• Work item: Using the data below, restate exactly every line from the one with "Person wearing a" up to and including the one with "任天堂(ニンテンドウ)のマリオカート Wii ハンドル". No picture belongs in it.

• Given records:
☆ ☆ ☆

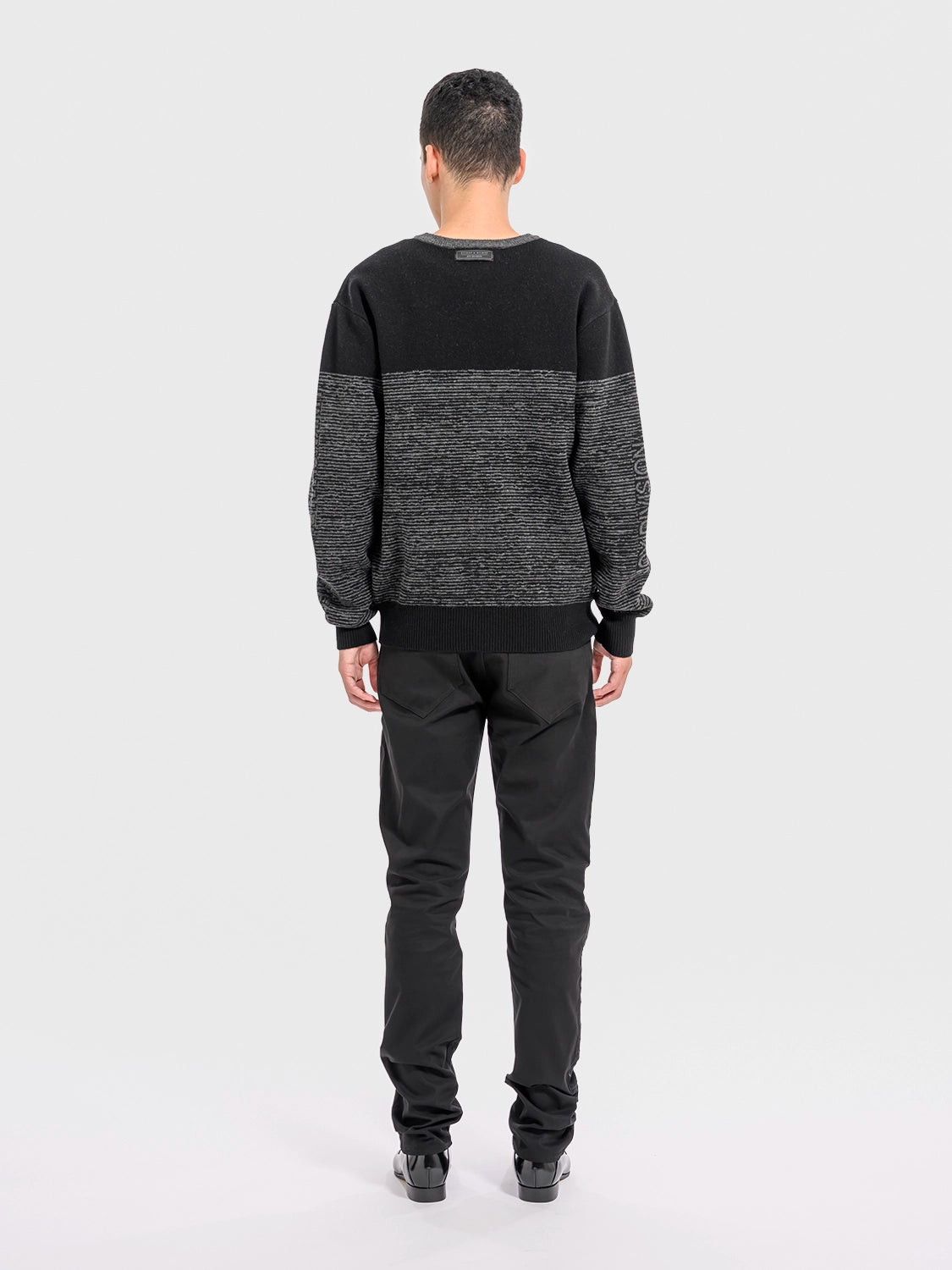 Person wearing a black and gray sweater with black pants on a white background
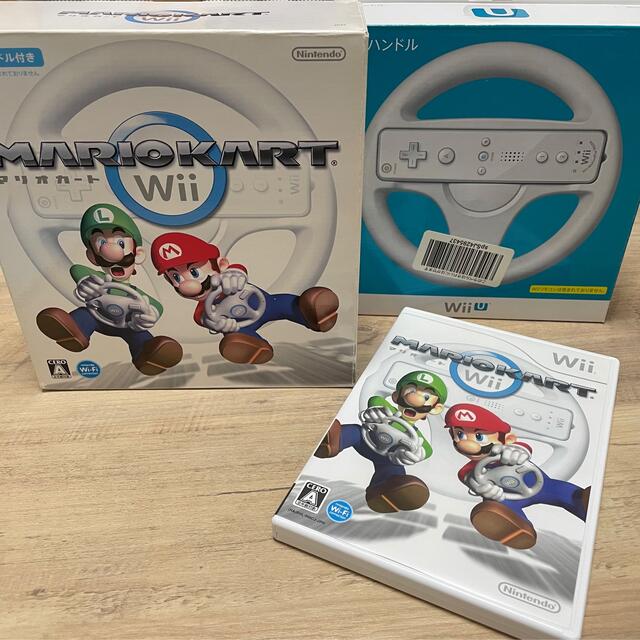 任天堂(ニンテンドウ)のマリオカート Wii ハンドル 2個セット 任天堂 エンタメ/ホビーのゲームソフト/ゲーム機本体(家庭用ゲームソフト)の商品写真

☆ ☆ ☆

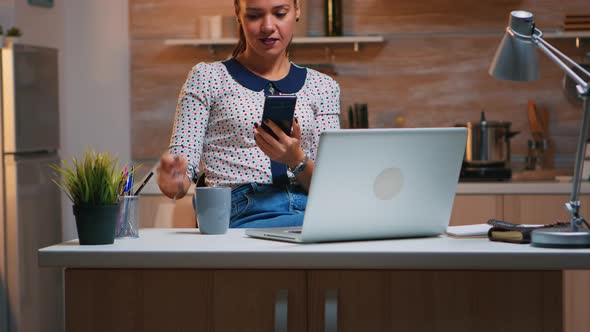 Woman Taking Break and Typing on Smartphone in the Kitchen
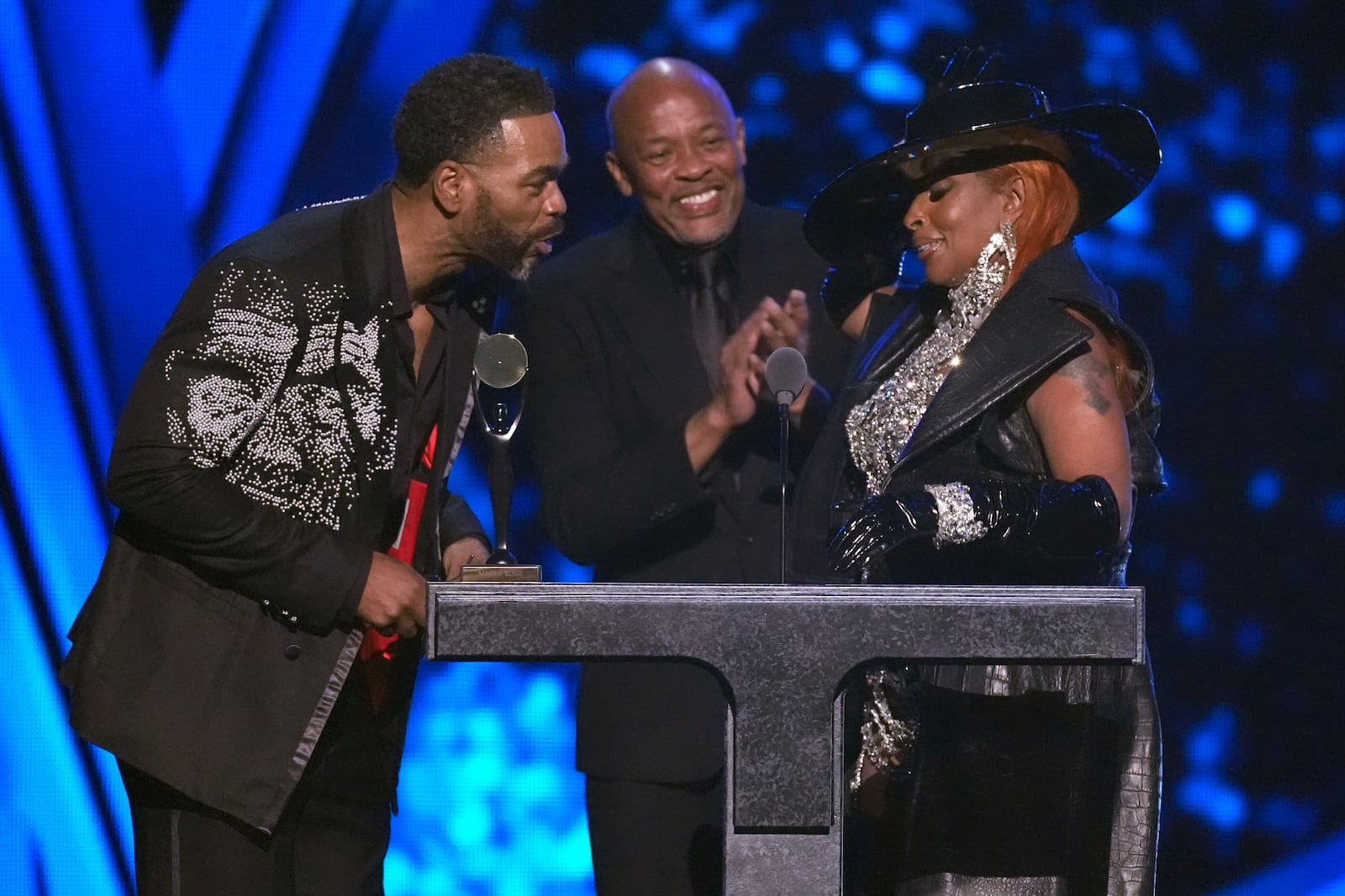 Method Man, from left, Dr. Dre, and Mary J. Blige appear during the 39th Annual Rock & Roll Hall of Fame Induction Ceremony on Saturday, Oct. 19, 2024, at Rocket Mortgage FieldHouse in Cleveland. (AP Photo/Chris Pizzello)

☆ ☆ ☆

• Written answer:
 Person wearing a black and gray sweater with black pants on a white background
 任天堂(ニンテンドウ)のマリオカート Wii ハンドル 2個セット 任天堂 エンタメ/ホビーのゲームソフト/ゲーム機本体(家庭用ゲームソフト)の商品写真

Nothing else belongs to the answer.